Monday, April 17, 2017

My Overdue Review of She Marches Through Fire by A.M. Manay

I've been waiting for the third November Snow book to arrive ever since I finished the second one. A.M. Manay knows how to bring a novel to its close in a crashing apocalyptic finish, and She Lights Up The Night left me hungry to find out what happened next.

This book landed at an inconvenient moment for me, when I was overworked and under-rested and certainly didn't have time to go back and re-read the first two. As a result, it took me a bit to get the very large cast of characters straight, and I found myself grateful for the author's inclusion of a dramatis personae list at the book's start. I would highly recommend reading all three books in close proximity so that you can fully appreciate the rich array of individual and familial personalities and histories that the story is built around. But if, like me, you don't have the time to bolster a less-than-photographic memory by re-reading, the cast list will serve in a pinch.

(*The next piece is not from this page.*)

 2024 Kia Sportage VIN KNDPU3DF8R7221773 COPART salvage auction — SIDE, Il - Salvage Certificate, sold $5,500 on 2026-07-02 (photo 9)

Moreover, November Snow's character provides the ultimate impetus and focus for the entire series, and while she spends the first part of this book recuperating from the devastating climax of the previous novel, for most of She Marches Through Fire, November is in top-notch form, perilously navigating a world of supernatural creatures centuries or millennia older than herself with a mixture of keen intelligence, heart, and sheer, stubborn perseverance.

I won't go much into the plot ... if you're reading this review trying to decide whether to pick up the series, the answer is yes, and you need to immediately go get She Dies At The End. You won't regret it. Meanwhile, if you've read the other two and for some reason are on the fence about getting this one, you also won't regret it. It melds some of the best aspects of the earlier books, providing great payoff for the character arcs of the expansive cast that developed in the second book, but also recapturing some of the tight focus on November's perspective that made the first book so riveting. I had some stumbles at the beginning, reading it while exhausted after too many hours at work, but as the book hit its stride, it did what so many great books do, drawing me into its world so capably that my own would disappear for long stretches and leave me awash in an intensity of thought and emotion.

Finishing it up this evening, I had tears in my eyes. The culmination of the series exquisitely blends pain and hope and determination into a manifesto of true beauty.